Nile’s band are a tight and impressive unit, with pedigrees from Miley Cyrus (guitarist Matt Hogan) to David Bowie (drummer Alex Alexander). I saw them four times in as many days, from New York’s Cutting Room to Asbury Park’s Paramount Theatre. They upped the ante for showmanship and on-stage frolics with each show. Bass player Johnny Pisano seems to be mischief-maker-in-chief, but his boss is a willing accomplice. Hogan is the most histrionic of the three. A banshee might envy the wailing of his Telecaster, held head-high as if to bask in the heat from his lightning arpeggios. His primary guitar face seems to be one of open-mouthed joy. The new album – as yet untitled – is the result of an online pledge campaign which raised 300% of target in an indecently short time. If just a tiny fraction of that is used to ensure Nile brings the full band to Europe this year it will have been money well spent.

Hogan was not on the last UK tour just over a year ago, a disappointment compounded by charging admission prices a third of what the market will stand, if the cost of entry to the album playback is any measure. True, it was a one-off, but not even a full show.

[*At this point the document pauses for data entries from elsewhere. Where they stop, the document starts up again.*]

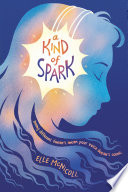 A Kind of Spark cover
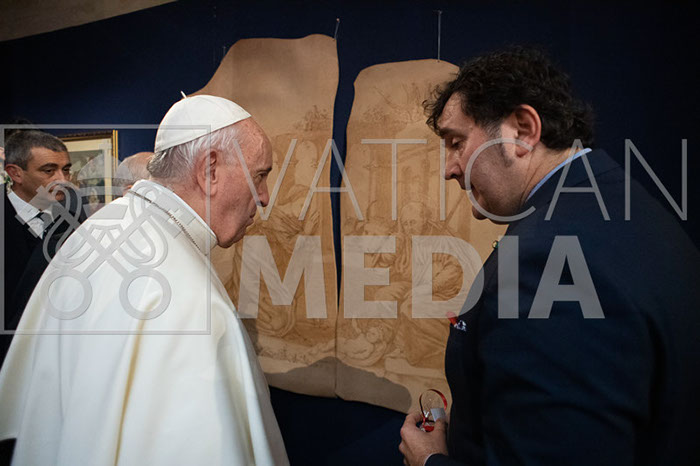 %_tempFileName03973_09122019%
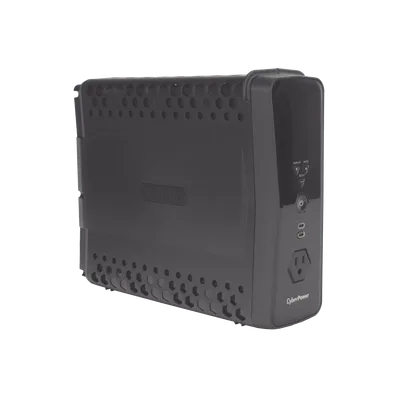 UPS Línea Interactiva / 1500 VA / 1000 W / Onda Senoidal Pura / 13 Salidas NEMA 5-15R / AVR 86-148 Vca / USB / RGB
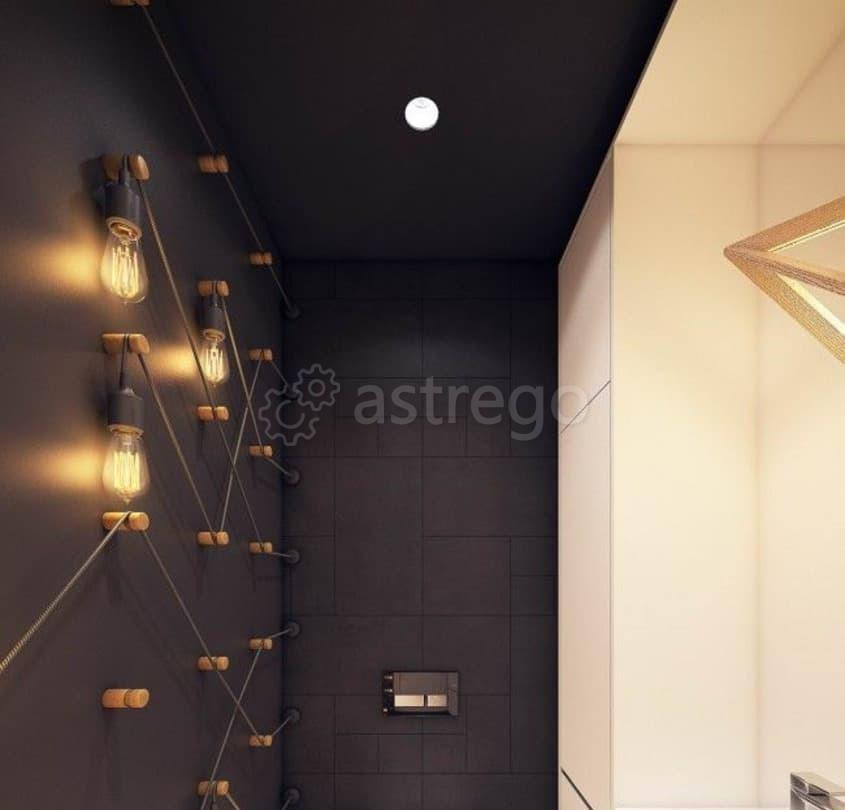 Коттедж, 284 м2, 14 соток, 2 эт. Луховицы - изображение 4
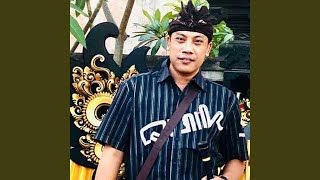 Download lagu Senine Setie mp3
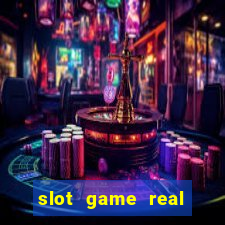 slot game real cash money paytm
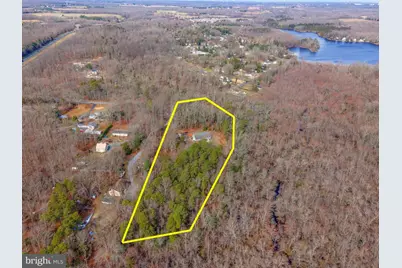 237 Cedarbridge Road, Elk Township, NJ 08343 - Photo 42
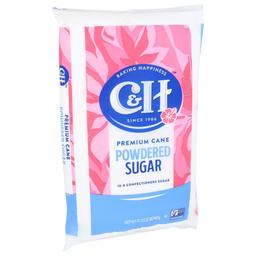 Product thumb gallery 3938415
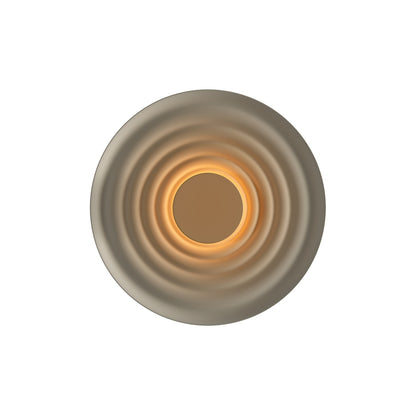 Maytoni Nami LED wall light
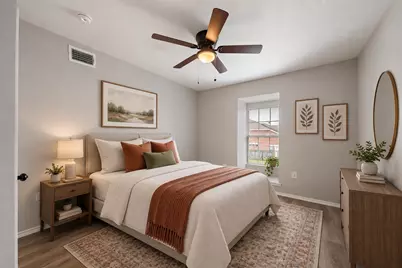 9711 Linkmeadow Lane #14, Houston, TX 77025 - Photo 11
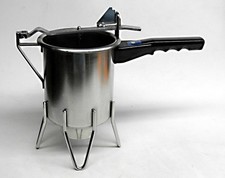 Professional pancake batter for sale  North Kingstown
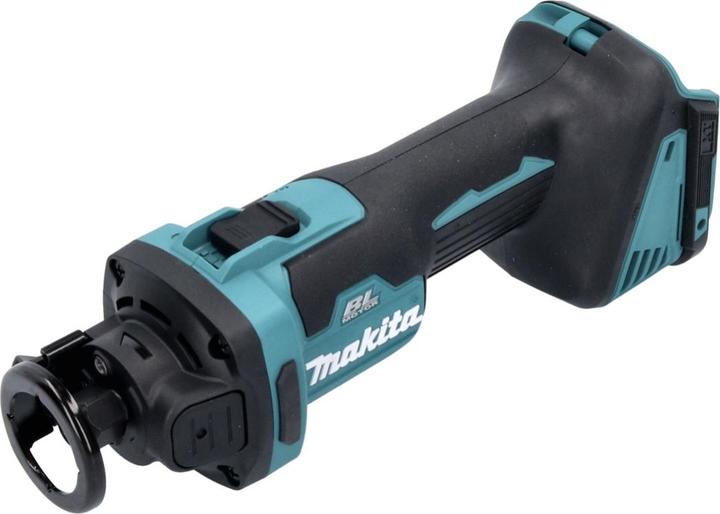 Produktbild Makita DCO181Z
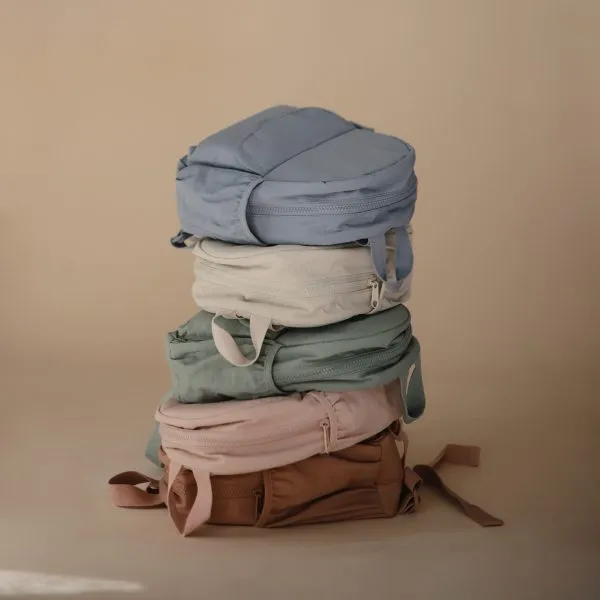 MUSHIE Toddler Backpack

For those at the Saint, the faith was rewarded In trumps with a full hand of spades and aces up the sleeve. The songs are crafted with the seasoned writer’s flair for wordplay, monster hooks, the artful assimilation of classic riffage with new musical ideas and a self-deprecating humour – “Grandpa rocks, grandpa rocks. He ain’t quite ready for that pine-top box.”

The Saint’s owner Scott Stamper – a music fan of Scots-Irish parentage who came to Asbury “because of the music” stood at the back, beaming: “Those choruses! They’re instant. I knew it would be good, but I didn’t know it would be this good.”

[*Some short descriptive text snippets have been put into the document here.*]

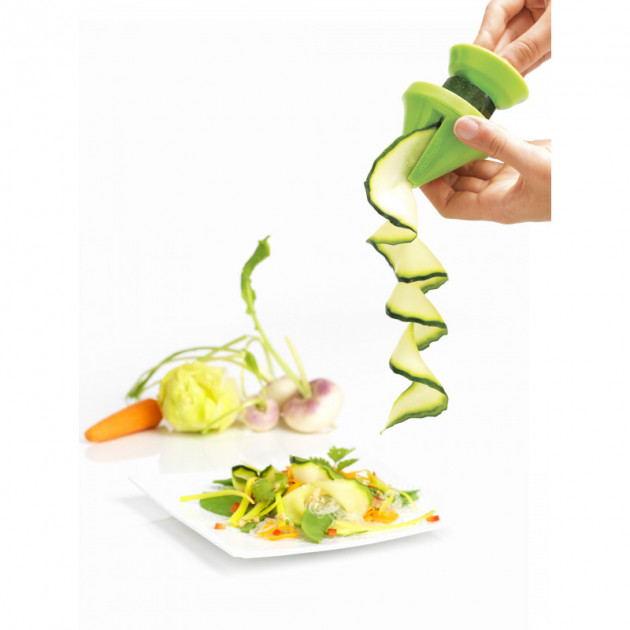 Taille legumes Mastrad Taille legumes Mastrad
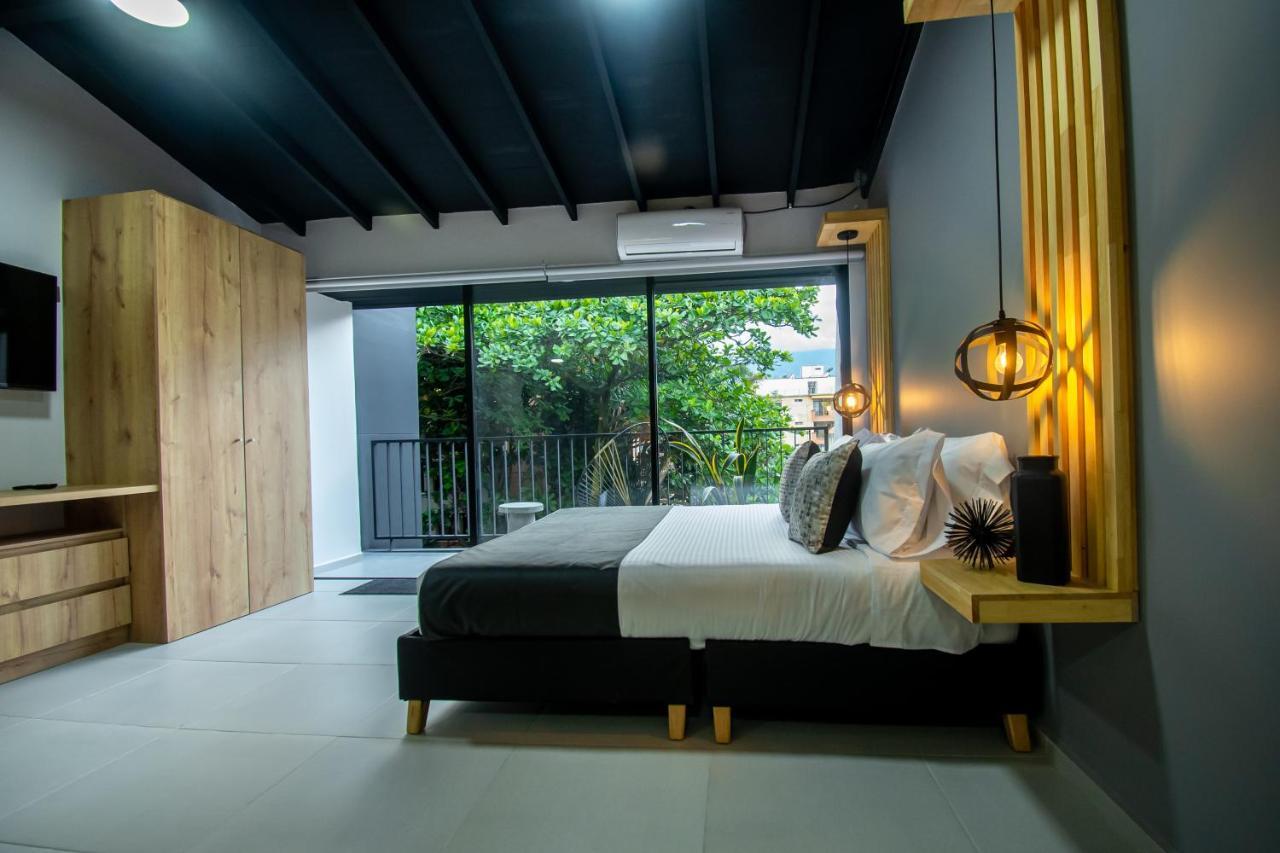 Apartment Barcelo Coliving *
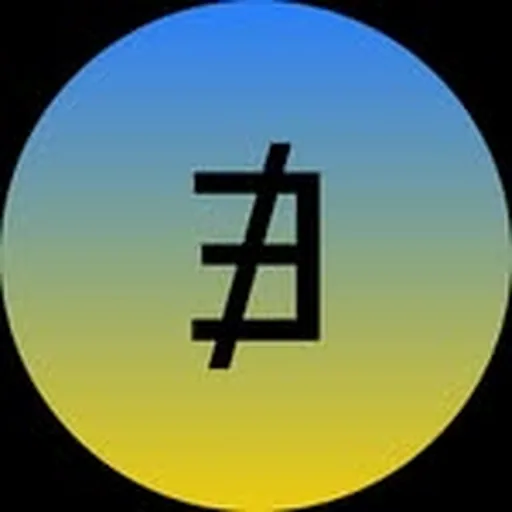 @theredoesnotexist.club profile image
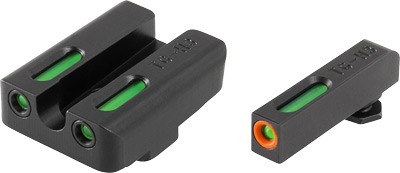 TRUGLO - Purple Mountain Armory view 4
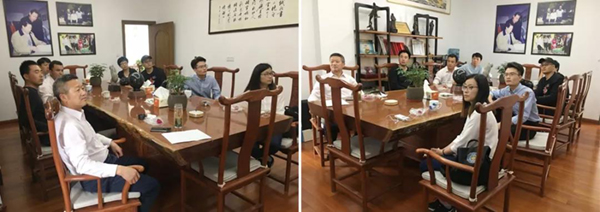 Ezpay钱包 -轻松支付,放心选择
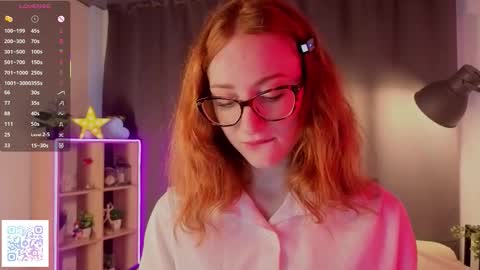 Snapshot of colbyrivenbark chatting on 15, 10, 2025 Janet online show from 15, 10, 2025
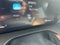 2022 Jeep Grand Cherokee Summit Reserve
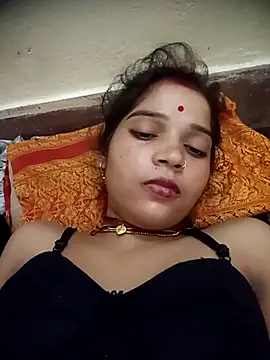 Mahek love143 online show from 05-26-26, 02:31
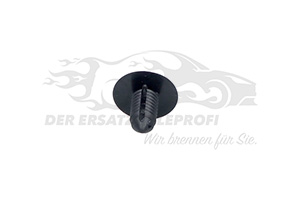 4685267 Befestigungsstopfen Ford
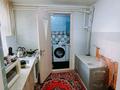 Жеке үй · 4 бөлме · 70 м² · 6 жүзд., Район Каратал, бағасы: 22 млн ₸ в Талдыкоргане — фото 13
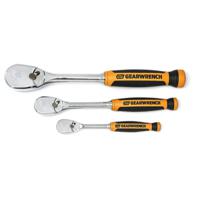 81207T, Gearwrench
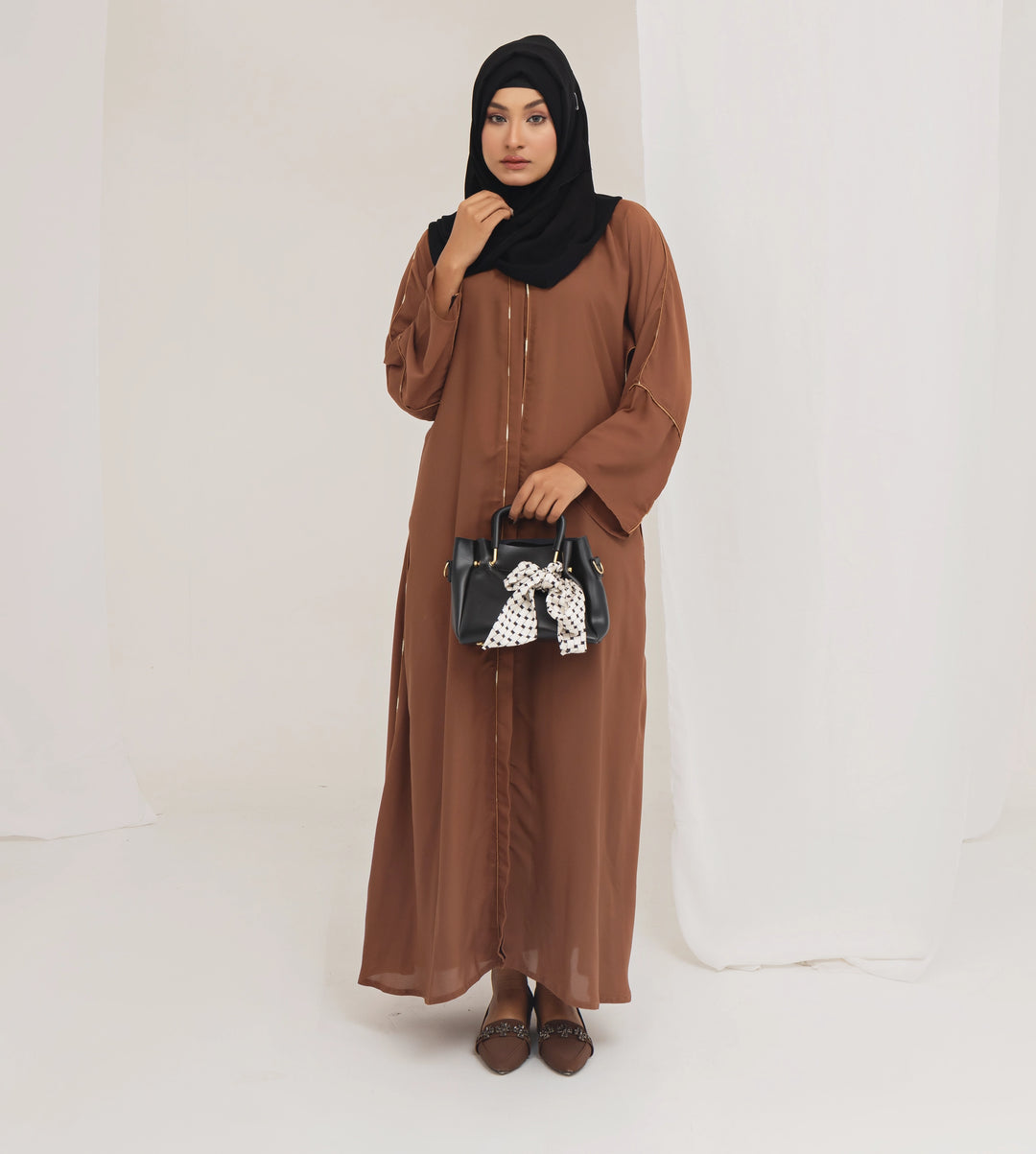 DeepCoffeeAbaya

The collection is nicely sequenced to bear repeat listening. It’ll be available from April 1st, allowing plenty of time for pre-sales momentum to build. The date may yet be portentous. Do audiences beyond the already converted want a rock record by a performer at the wrong end of his mid-sixties? They should, but you can see why it’s easier to buy Adele.

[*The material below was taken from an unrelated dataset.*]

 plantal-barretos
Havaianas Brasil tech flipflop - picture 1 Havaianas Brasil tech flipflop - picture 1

I have seen many of the four piece bands acclaimed as the finest live acts in rock history and the Willie Nile Band compares favourably in almost every department. The guitar player is technically more accomplished than Pete Townshend, Johnny Ramone, Wilko Johnson, the Edge or Brian May. The bass player has more stage presence than his counterparts with any of the above: the drummer is more versatile. Are they more original? Of course not, but that brings us back to Springsteen. He’s never been original; just better than what went before.

The Boss once said of his band: “We didn’t want to be famous. We didn’t want to be rich. We wanted to be great.”
Willie Nile is great, but greatness may no longer be enough. I have seen rock’n’roll past and its name is Willie Nile. Catch him whenever you can. You won’t be disappointed. And Hell Yeah – to commandeer one of the new songs’ titles – buy the album. It’s great.